An audit of every UI pattern, component, and interaction currently in use across a product — typically conducted as a precursor to building or consolidating a design system. A pattern inventory reveals inconsistencies, redundancies, and proliferating variations that should be resolved before they are codified.
Common contexts
- Screenshotting every button variant across a legacy product before scoping a design system migration
- Cataloguing all modal dialog implementations in a codebase to find which three can be merged into one component
- Mapping every date-picker interaction across a multi-product suite to decide on a single unified pattern
Use when
Conduct a pattern inventory before starting any design system initiative or major redesign — particularly when the product has grown organically across multiple teams and you need evidence to justify consolidation investment to stakeholders.
Avoid when
Don't run a full pattern inventory for a greenfield product that has fewer than ten live screens — the overhead of cataloguing will exceed the value, and you're better served designing consistent patterns from scratch.

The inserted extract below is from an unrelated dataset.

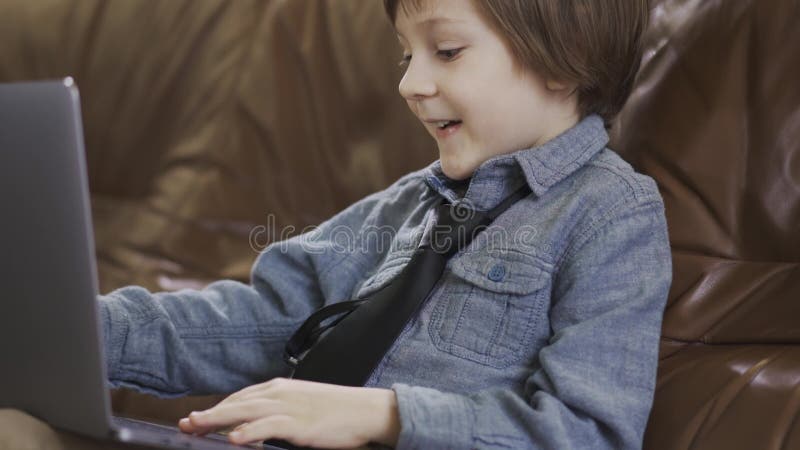 Il ragazzino in rivestimento dei jeans che si siede sul sof? di cuoio che gioca sul computer portatile che sorride felicemente Lo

The number of button variants in a product is a direct proxy for how long the organisation has gone without a shared design language — screenshot them all before any stakeholder meeting where you need to argue the case for a design system.
Real-world examples
- Before building Shopify's first design system, their team performed a pattern inventory of all UI components across 12 admin pages, finding 47 distinct button styles — a number that justified the system investment.
- The UK Government Digital Service conducted a pattern inventory across 400 agency websites before building GOV.UK, finding 200+ inconsistent form patterns that were consolidated into 12 reusable components.
- Nielsen Norman Group recommends starting design system projects with a pattern inventory because it creates concrete evidence of inconsistency that persuades stakeholders to fund standardisation efforts.